Within each of these topics, we will explore how a deal or no deal will change the preparations you will need to make as a food business.
- Government Advice On Brexit – What You Need To Consider
- Employing EU Citizens As Staff
- Imports and Exports: Goods, Products & Ingredient Supplies
- Using Personal Data As A Food Business
- European and Domestic Funding: Labels, Patents & Trademarks
- Intellectual Property
- Being Prepared Means Considering All Exit Options
Employing EU Citizens As Staff
Both an agreed deal and no deal will directly impact EU citizens working in the UK, not just in terms of rights but in the appeal of working in the UK.
Many of the employees in food businesses across commercial kitchens, restaurants, wait staff and more come from the EU. Both an agreed deal and no deal will directly impact EU citizens working in the UK, not just in terms of rights but in the appeal of working in the UK.
Although as a food business, you aren’t responsible for making sure that your employees are able to work in the UK( it is down to each person to do this), you will be required to confirm their legal right to work. If you suddenly find yourself without staff who can work in the UK, you could be forced into paying substantial recruitment fees for staff turnover, an additional cost that you need to be prepared for.
Current EU Staff Need To Apply To EU Settlement Scheme
If you have team members wishing to stay in the UK, you can find out what you need to know in the EU Settlement Scheme: employer toolkit. The EU Settlement Scheme is the new way in which a person can secure their right to live and work in the UK if they are from the EU, EEA or are Swiss. Simply put, the only people who don’t need to apply for this are those who are British or Irish citizens or those with indefinite leave to remain or enter.
European Right To Work & Immigration Will Change From January 1st 2021
Current rights to work won’t change until 30 June 2021 with a deal and 31 December 2020 if there is no deal. These deadlines might seem far off but eligible employees should apply as soon as possible to secure their status.

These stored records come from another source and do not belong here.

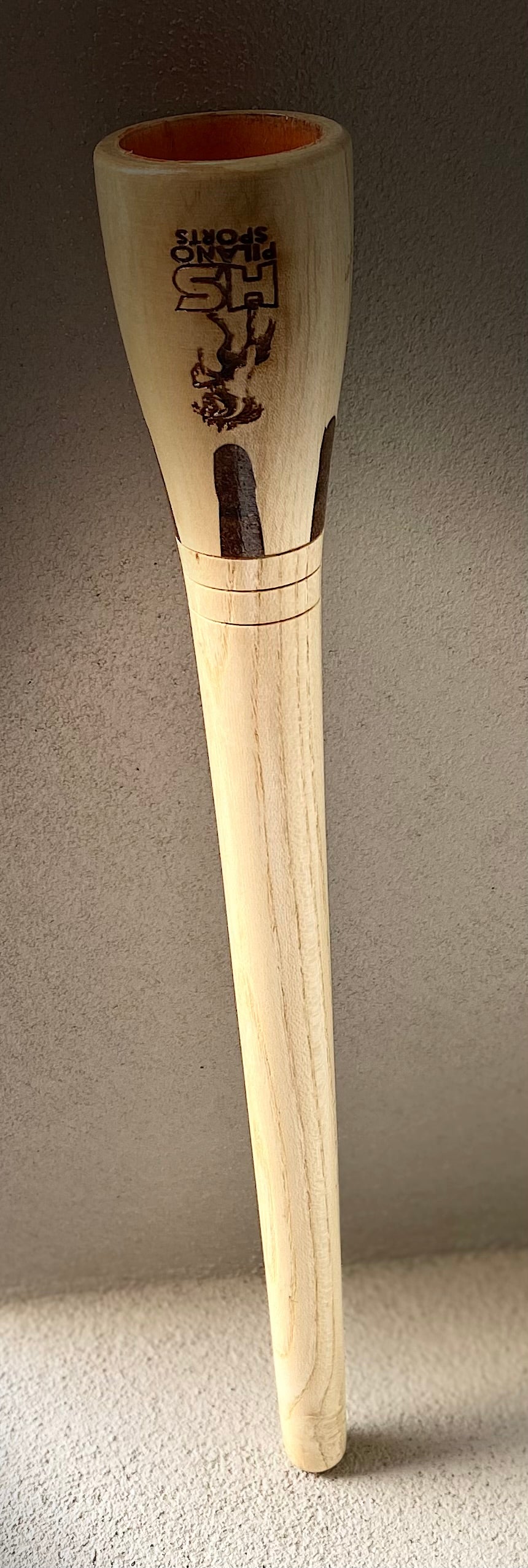Cricket Bat grip cone
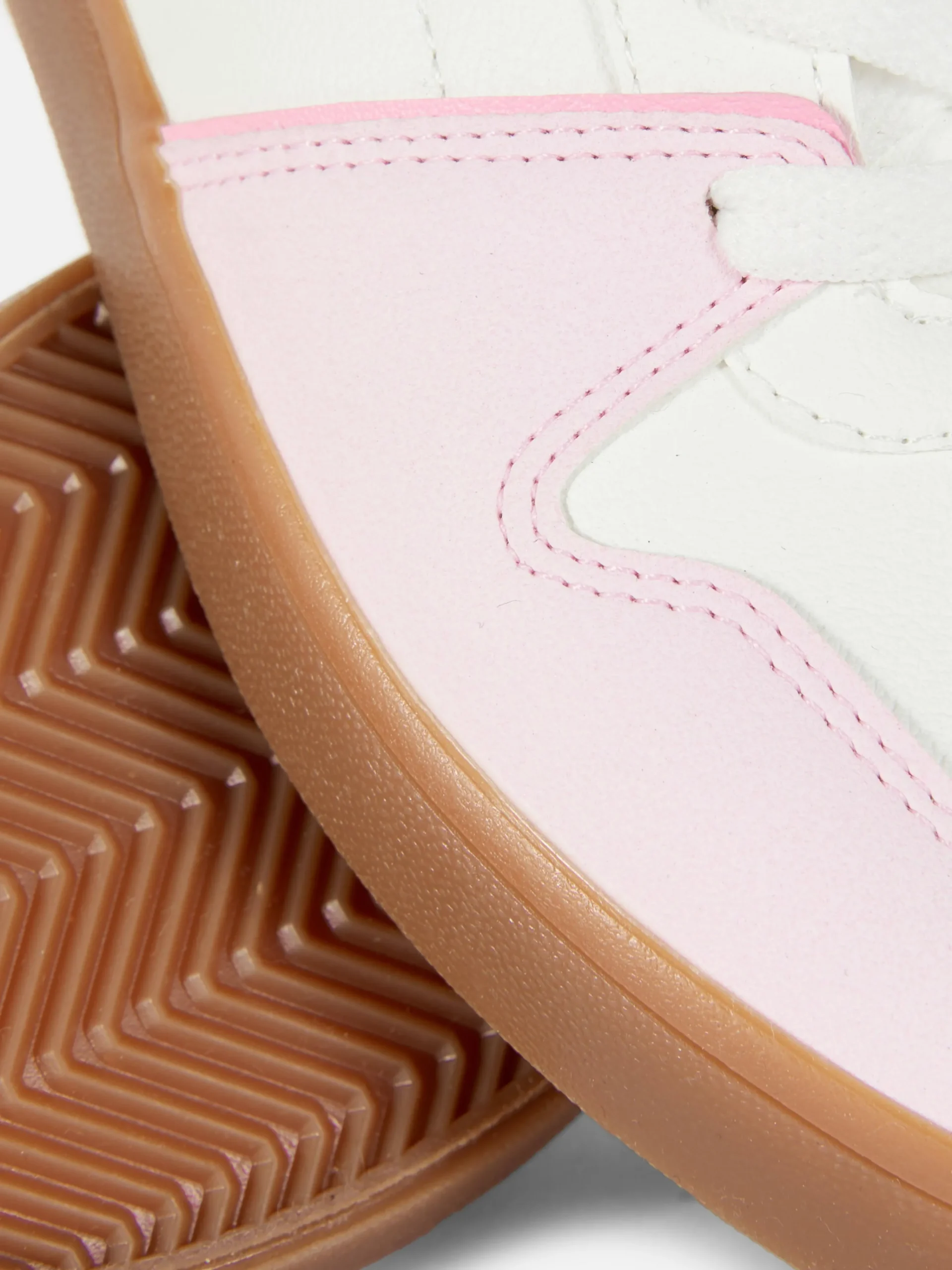 Primark Ténis^Ténis Cano Baixo Sola Goma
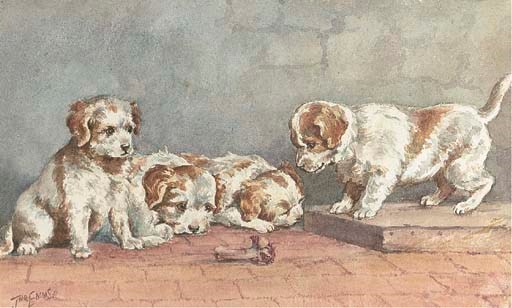 John Emms (1843-1912)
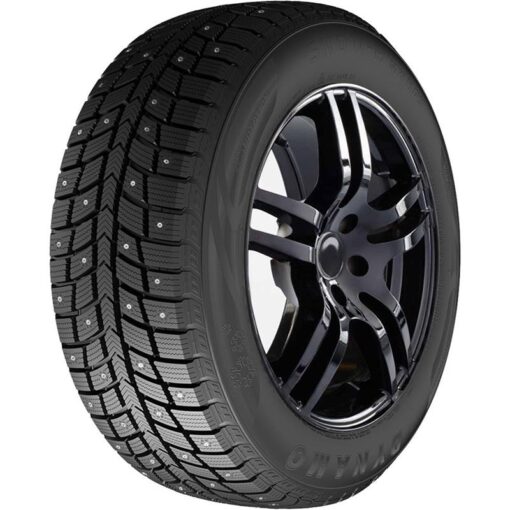 Dynamo 225/45R17  SNOW-H MWH03 FS 94H XL RP Studded 3PMSF M+S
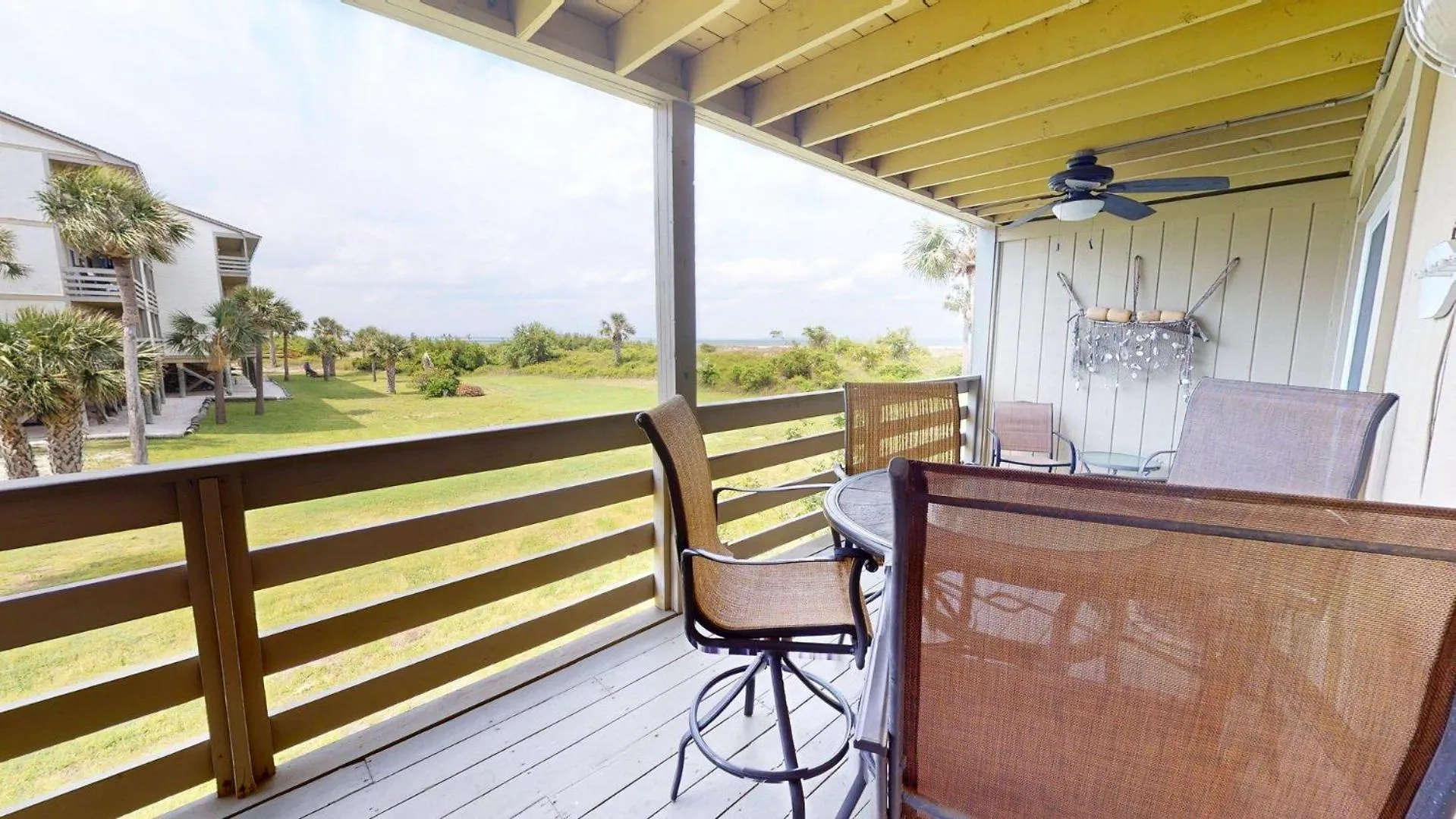 Lighthouse Point 36a By Tybee Vacation * Tybee Island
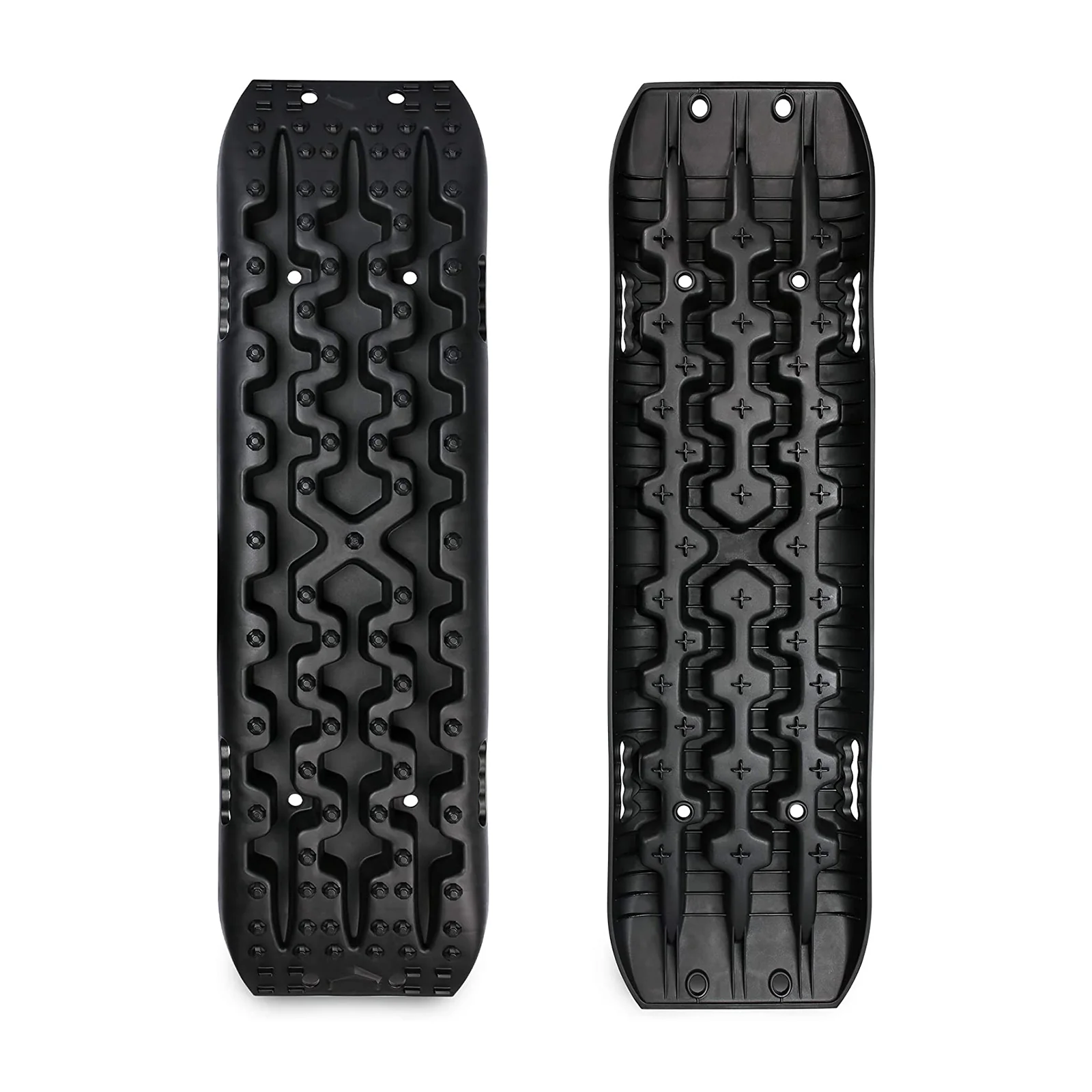 Galaxy Auto Recovery Traction Track Pads (Set of 2) - Image 4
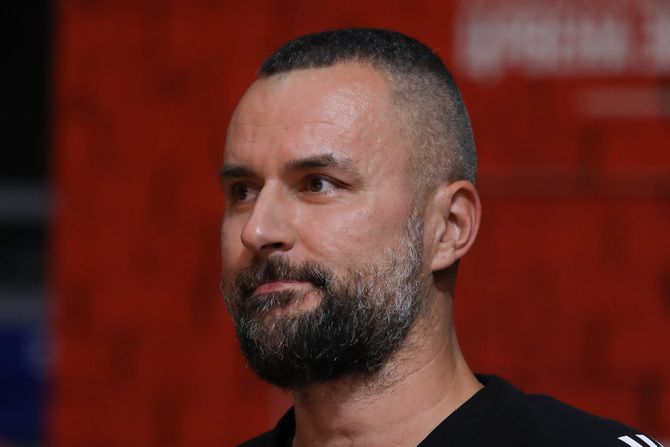 Milan Gurović Milan Gurović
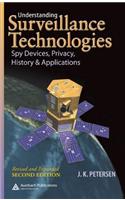 Understanding Surveillance Technologies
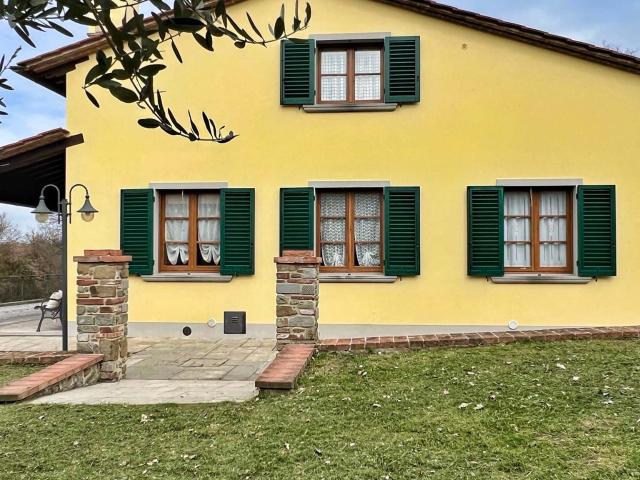 Casa Degli Ulivi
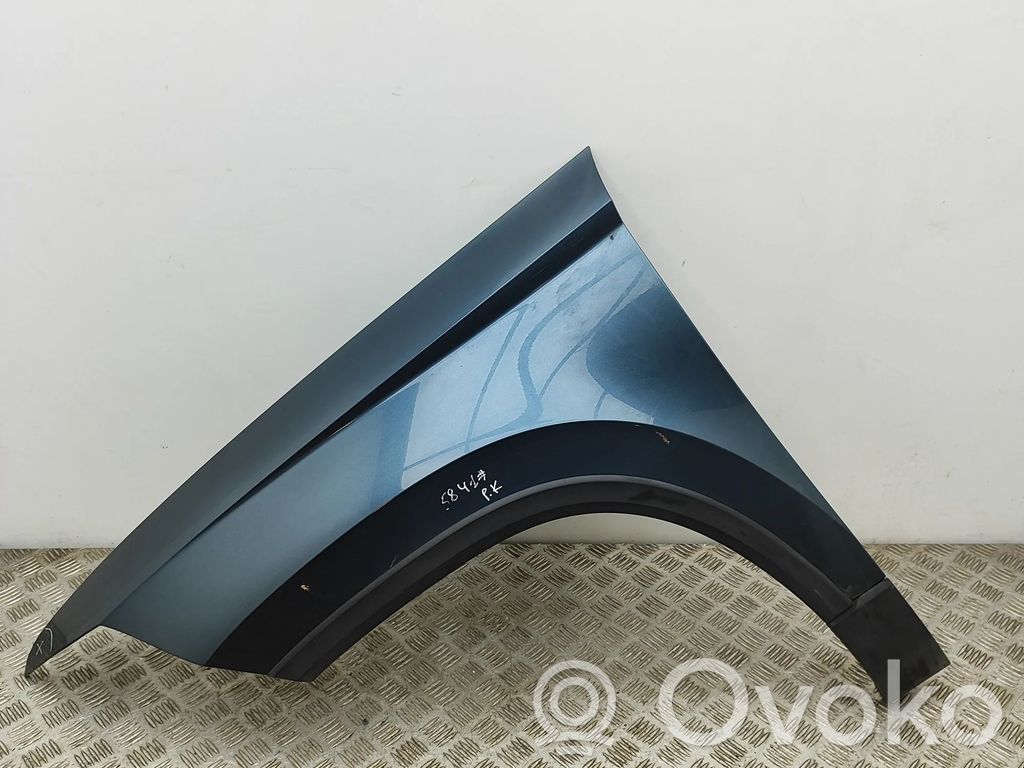 Seat Ateca Lokasuoja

This also means that the right to work for those arriving before 1 January 2021 will remain as they are until then with or without a deal. Those who wish to remain for three months or more following that date will need to apply for temporary leave to remain or resettlement.
Depending on the terms of a new deal, immigration will change. New applications will be possible and could be similar to those shown in the government’s whitepaper, the future skills-based immigration system white paper, which sets out the plans to introduce a new single immigration system from 1 January 2021.
If you have employees or prospective staff who need help understanding their options, you should point them to the Rights Problem Solving Service. This includes how professional qualifications will (or won’t) be recognised after Brexit, which can affect their employability and immigration options.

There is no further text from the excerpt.